The public side of the building is the thrift store that supports the shelter, overlooked by Kevin's son, James.  Falkner is now CEO and chairman of Salutes and has brought his own business to the property so he can work both places. Toni Wineinger is retired now but will always be noted and respected as the founder.
I met with Kevin recently, and Toni's dream is in good hands. I was impressed with the space, the building which was built in the mid-'70s and first housed a chicken plant, later bought by Tyson Foods. Over the years many businesses rented the building, but most would know it as the old Air Evac building. After my tour, it's clear it was meant for Salutes to house the homeless and to help them get back on their feet. 
Kevin was on board from the start. With a heart to help others, he loved this cause and got busy reaching out. The business of helping veterans was challenging, but Kevin's faith got the work done. The result is a nonprofit organization that can house up to 20 lost souls.
While the veterans will always be their first priority, the extra space was going to waste.  Seeing the need, Kevin partnered with a few organizations in town who had clients with nowhere else to go after ending their program. They needed a second chance too.
Everyone who stays at the shelter is treated like family, each expected to pitch in one way or another. There are rules to be followed, a curfew, and cameras everywhere. The private rooms are reserved for the veterans, while others sleep in a bunkhouse environment. Both men and women are welcome with the ratio on this day at women 6, men 8.  Each person is given six months to better themselves by getting a job, a house, going back to school, etc… with Kevin aiding them all the way. “
Salutes operates on donations of all kinds, with labor being the most needed. Anyone who wants to give, should consider giving time to help out. 

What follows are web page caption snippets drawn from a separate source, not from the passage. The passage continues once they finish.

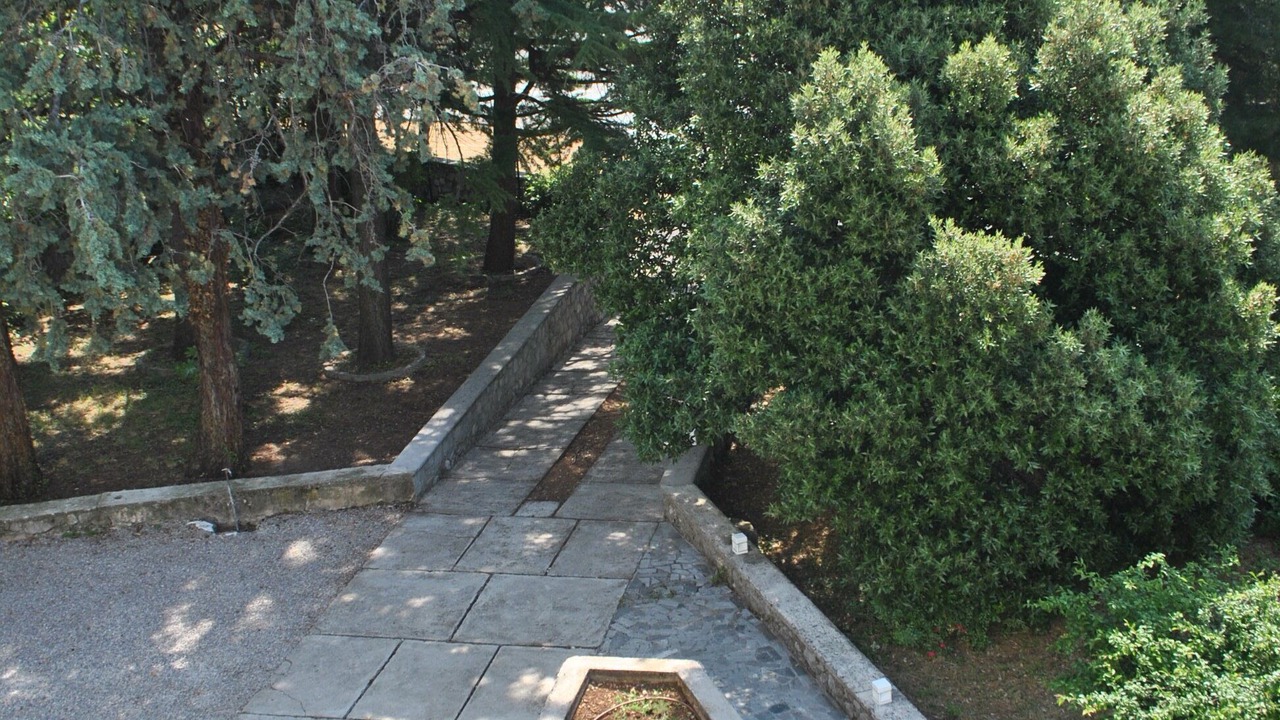 Photo of Outdoor in Bakar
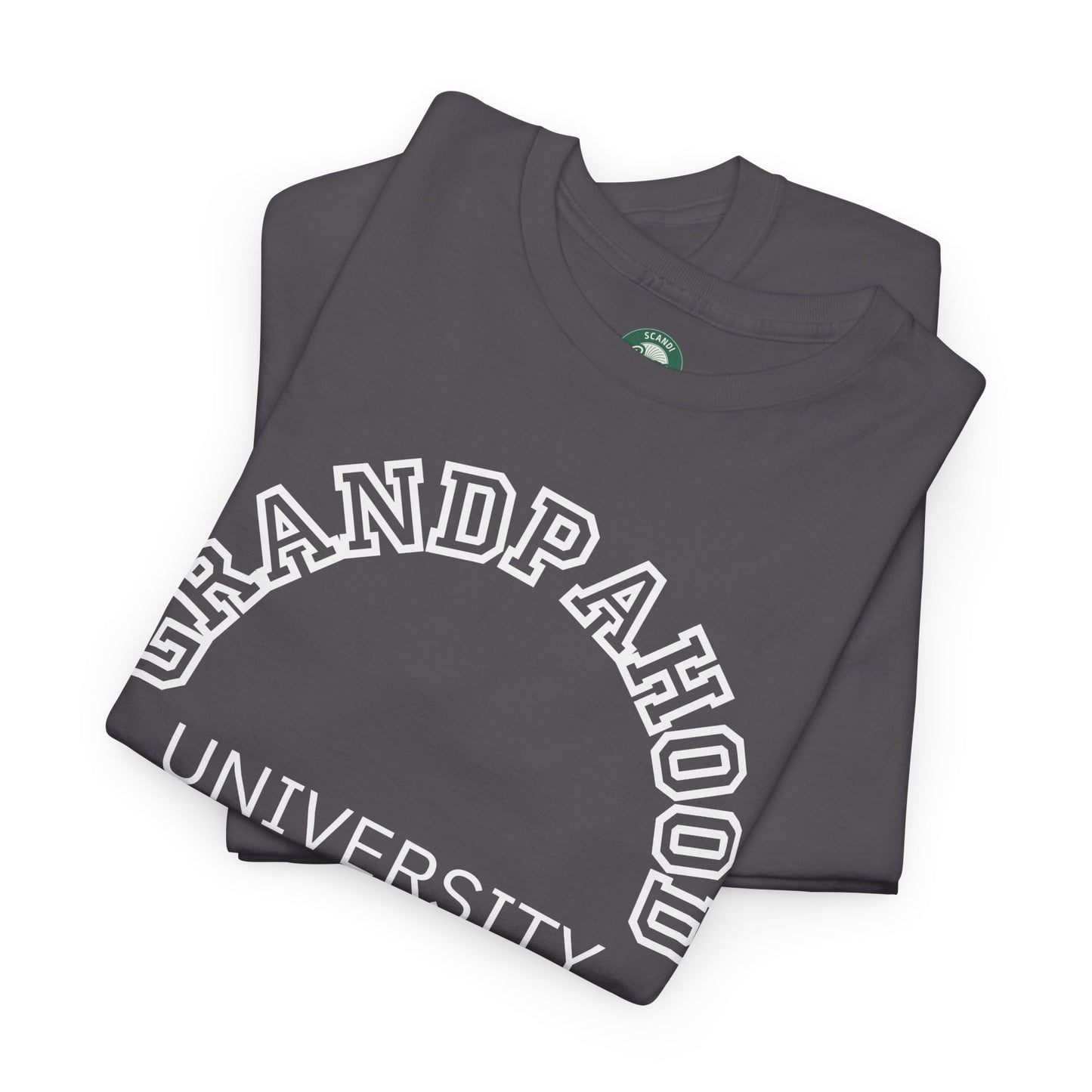 Grandpahood University T-Shirt Gift Announcement Pregnancy Grandpa Tee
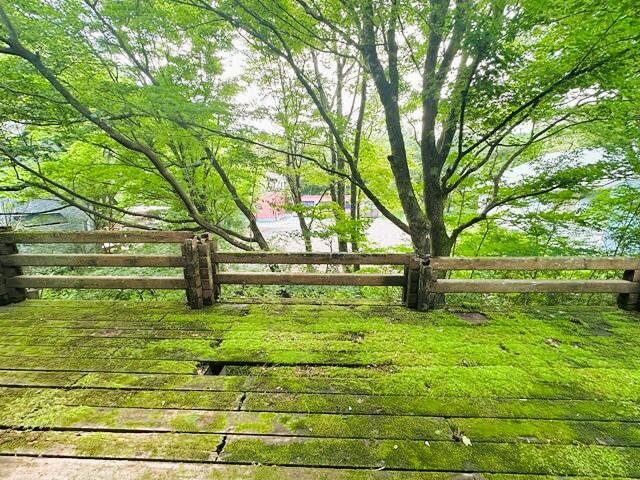 detached 宮城県柴田郡川崎町大字前川字手代塚山 地図を見る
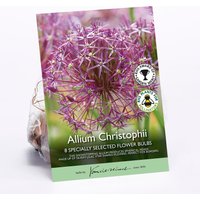 Allium Christophii Flower bulbs
Allium Christophii Flower bulbs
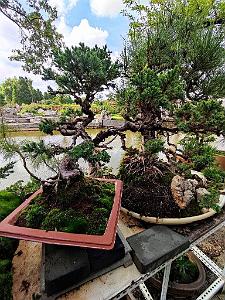 KUNMING - Parc Daguan - 112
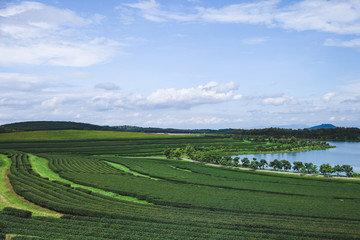 Fototapeta na wymiar aerial view of green tea plantation and lake on sunny day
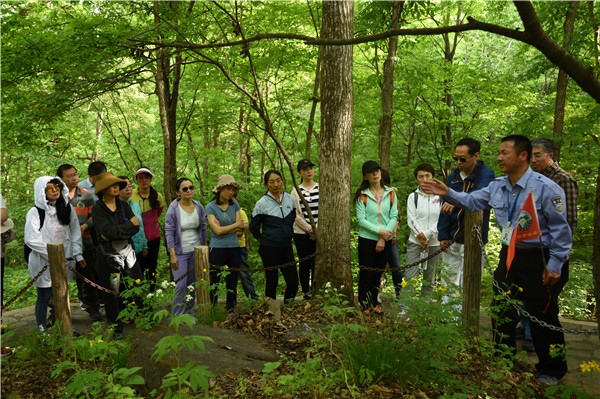 DSC_5481_副本.jpg DSC_5481_副本.jpg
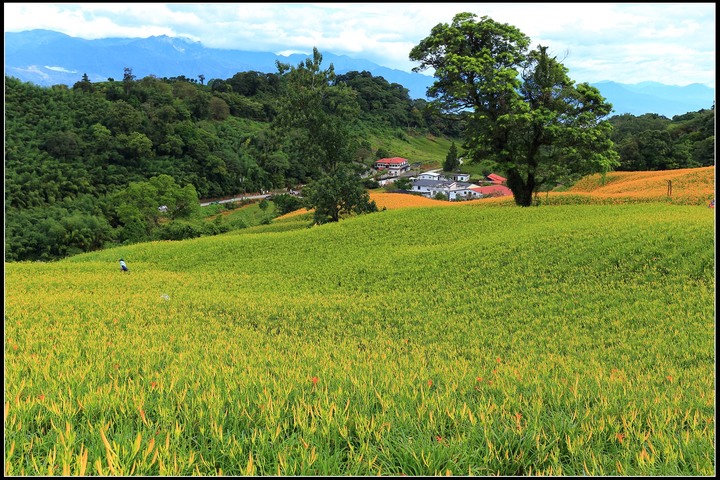2020.08.21 花東四天三夜之旅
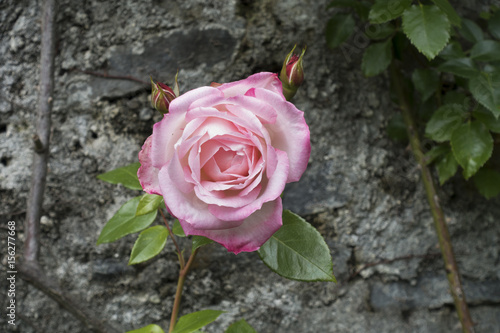 Pink Rose on a Gray Stone Wall in Italy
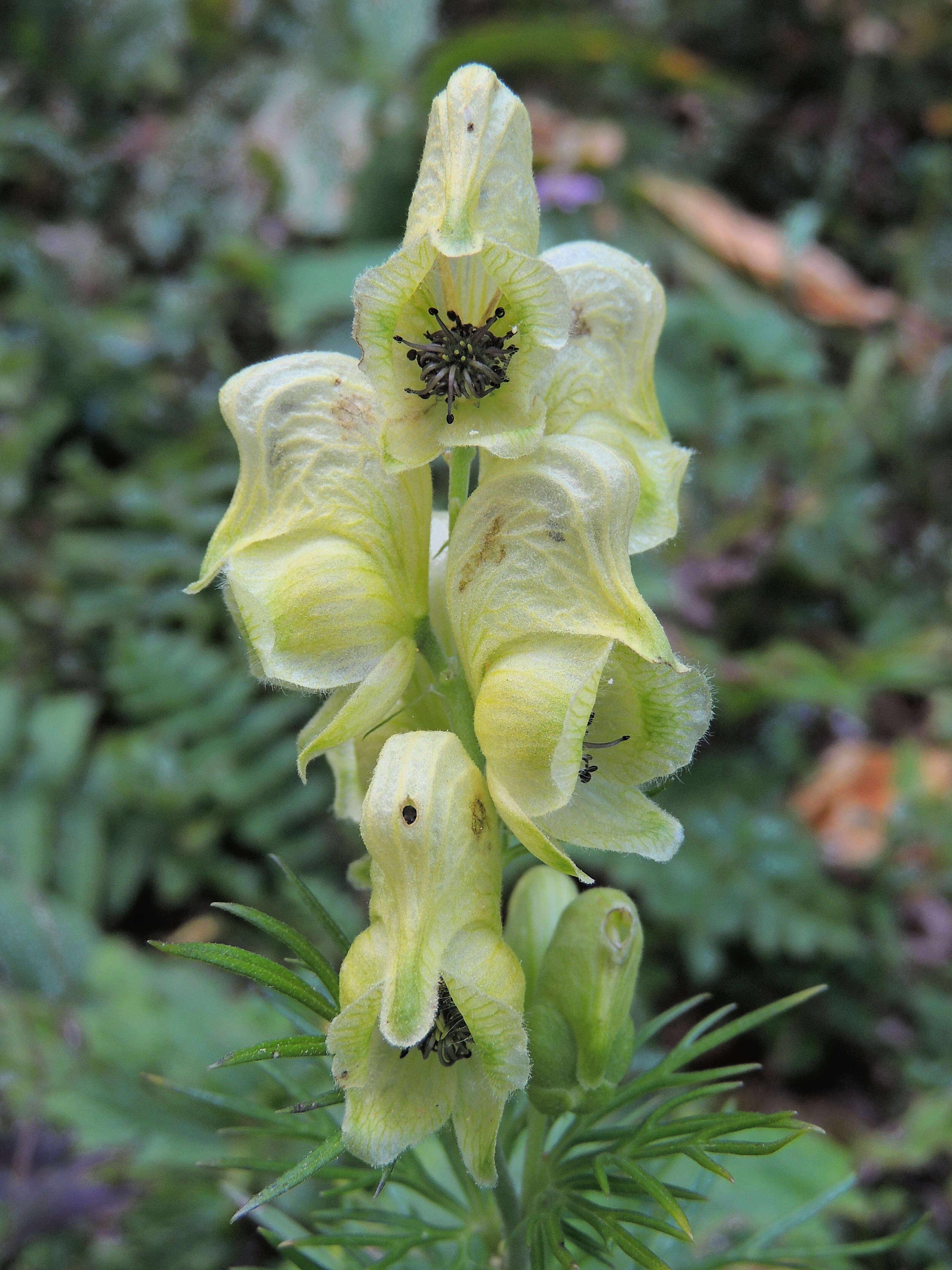 Aconitum anthora L.的圖片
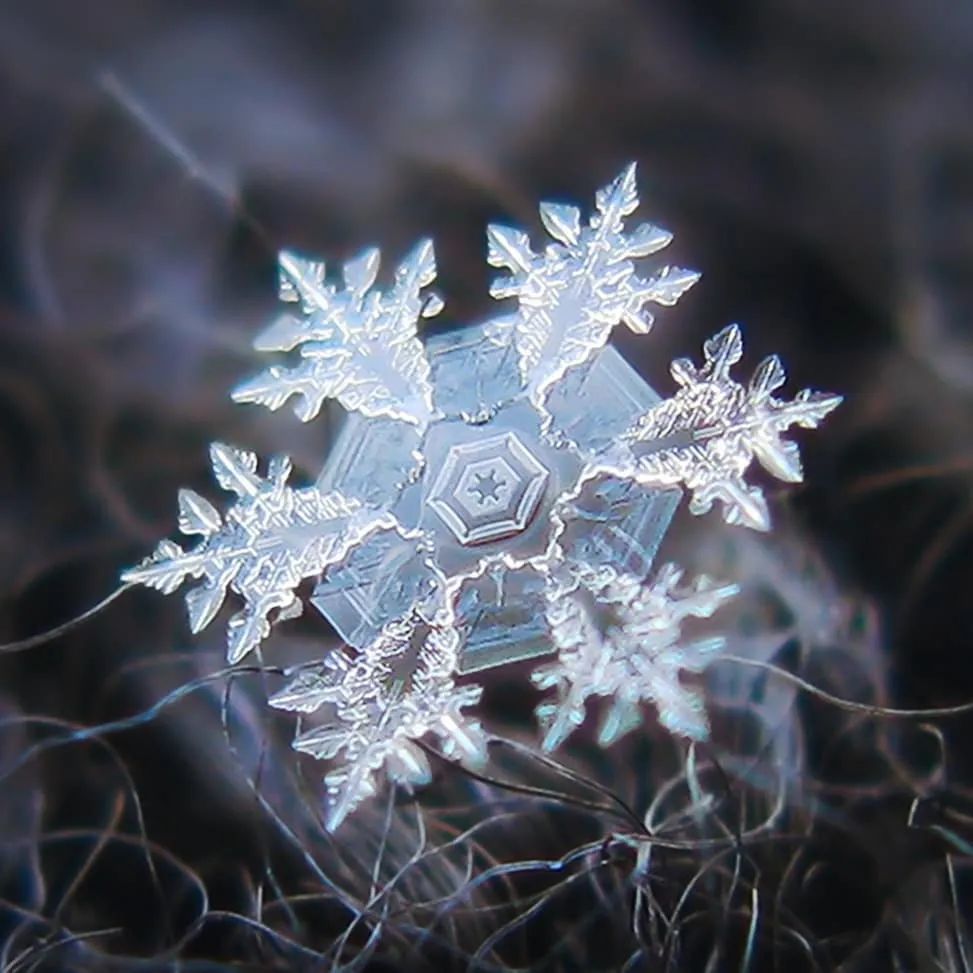 他用一部烂相机,花10年时间只拍一朵雪花,当照片放大1000万倍,令人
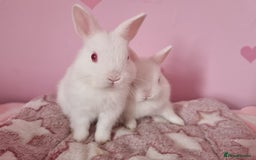 Netherland Dwarf rabbits for sale: Netherlands dwarf bunnies  - Image 8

Kevin is working on adding a recreation room for the folks, a computer lab so they can apply for work, and a better laundry room. Every need is met or close to it here, and with help from outside agencies, no one gets lost in the system.
Everyone feels safe and valued. While 40% of the walk-ins can't pay, most do contribute money that goes towards groceries, electric bills, or other needs. Outside donations help to keep the doors open too. Kevin and his small crew are providing a positive environment for those who had lost hope. Here they can take charge of their life again and move on.
In Kevin's words, "I make no issue of believing that God has been in this since day one. We are supposed to be here and do our best to bless others as the Lord has blessed us.”
Let us all make a difference in this cause and honor the heroes who were brave enough to fight. Thank a veteran, and thank their village too!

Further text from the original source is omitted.